The proper observance of the Feast requires us (if we are physically able to do so) to go to the Feast. As we remember what the Feast represents, the saints will be part of God’s family in His Kingdom, which is not part of this world. To observe the Feast, we leave our physical homes behind, spiritually symbolizing our acknowledgment that we “desire a better, that is, a heavenly country. Therefore, God is not ashamed to be called their God, for He has prepared a city for them” (Hebrews 11:16 Hebrews 11:16But now they desire a better country, that is, an heavenly: why God is not ashamed to be called their God: for he has prepared for them a city.
American King James Version×). Show your commitment to God to leave this world behind and go to the “place” He has put His name—the place He has prepared for us.
2. Leave our homes behind.
When Christ returns and His Kingdom is established, the world (society, age) we now live in will have passed away. Leaving our homes to observe the Feast reminds us that we are to come out of this world. We symbolize our willingness and commitment to seek the Kingdom by leaving our homes behind and remaining at the Feast, surrounded by God’s people, immersed in His word and way, knowing He is there among all of us. It’s a joyful time, a time to rejoice as we look forward to the time that the rigors, stress, pain and evil of this world will have gone away, replaced by the righteous way of life that will be taught and lived in the Kingdom every day.
3. Dwell in temporary dwellings.
When we leave our homes and dwell in temporary dwellings (however nice or meager they may be) we are spiritually reminded that in whatever area we now live, our dwelling places are only temporary. Christ will return and our dwelling place will be with Him—our permanent home. We are also reminded that our physical bodies are only temporary. They last for a while and we die. We treasure the time we have in these physical bodies to learn God’s way and to build the character that He requires for those who will receive permanent, spirit bodies upon the return of Christ. When we are in the millennial reign of Christ we will no longer be in these physical, temporary bodies, but the permanent, eternal bodies God has prepared for those who follow Him and love Him with all their hearts, minds and souls.
4. Stay for all eight days of the Feast period.

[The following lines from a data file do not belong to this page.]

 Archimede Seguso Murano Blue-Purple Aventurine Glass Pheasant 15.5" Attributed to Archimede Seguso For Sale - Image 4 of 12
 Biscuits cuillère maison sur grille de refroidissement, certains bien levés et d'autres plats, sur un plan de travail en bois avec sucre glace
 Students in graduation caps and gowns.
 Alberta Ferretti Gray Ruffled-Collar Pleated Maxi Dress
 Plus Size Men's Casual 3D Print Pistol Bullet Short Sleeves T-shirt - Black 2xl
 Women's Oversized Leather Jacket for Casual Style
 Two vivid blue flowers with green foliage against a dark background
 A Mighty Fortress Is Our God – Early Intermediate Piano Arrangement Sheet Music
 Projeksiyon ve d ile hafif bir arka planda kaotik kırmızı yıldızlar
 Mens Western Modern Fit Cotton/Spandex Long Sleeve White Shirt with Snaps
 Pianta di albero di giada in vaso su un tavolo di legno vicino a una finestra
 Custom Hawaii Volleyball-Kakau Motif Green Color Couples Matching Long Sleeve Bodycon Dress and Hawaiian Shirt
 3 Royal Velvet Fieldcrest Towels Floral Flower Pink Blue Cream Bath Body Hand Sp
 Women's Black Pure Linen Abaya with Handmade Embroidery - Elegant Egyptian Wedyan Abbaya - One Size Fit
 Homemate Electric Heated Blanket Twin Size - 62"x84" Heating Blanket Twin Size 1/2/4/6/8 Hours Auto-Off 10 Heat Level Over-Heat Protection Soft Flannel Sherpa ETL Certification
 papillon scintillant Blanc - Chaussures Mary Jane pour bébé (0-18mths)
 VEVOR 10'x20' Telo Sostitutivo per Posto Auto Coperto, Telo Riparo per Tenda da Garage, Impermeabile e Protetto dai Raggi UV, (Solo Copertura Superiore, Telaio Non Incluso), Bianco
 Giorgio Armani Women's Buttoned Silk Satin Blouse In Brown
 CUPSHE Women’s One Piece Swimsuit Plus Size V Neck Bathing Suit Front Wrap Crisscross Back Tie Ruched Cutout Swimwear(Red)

Some have decided, on their own, that it is enough to go to the Feast on the first and eighth days when there are holy convocations. That is not so. That is not “enough.” When we go to the Feast it pictures our lives in the Kingdom of God. The society and age we live in will be gone. None of us, I hope, think of God’s Kingdom as a place to which we go, but if we long for the old life, we can go back to it. The ancient Israelites, when God brought them out of Egypt, longed to go back. God was not pleased and He is not pleased if we symbolically show Him by our actions and attitudes that we are not committed to His Kingdom, the reign of Christ, and to live His way “forever and ever.” When we make decisions, bear in mind that we are showing God our attitudes toward the future He has in mind for all of us.
5. Be with God’s people.
There are services every day at the Feast as we “go up to the mountain of the LORD” and seek His teaching. Be there every day if you are physically able and are not ill. There are Feast activities scheduled as well. Make the Feast activities your priority. Every Feast site has nice attractions, but God did not appoint this Feast as a vacation or time to revel in the world’s attractions, but a time for His people to be together, in one place and one accord, growing together into who He wants us to become. Embrace the Feast. Take the time and make the time to put God and the Feast first.
I could go on for several more paragraphs, but I hope you see the significance and importance of looking at the Feast as a foretaste of the coming Kingdom of God.
Self-examination is always appropriate. Let’s take the time to review our plans and ensure that we are doing God’s will by spiritually preparing for the Feast days, and determining to observe them as God would have us do.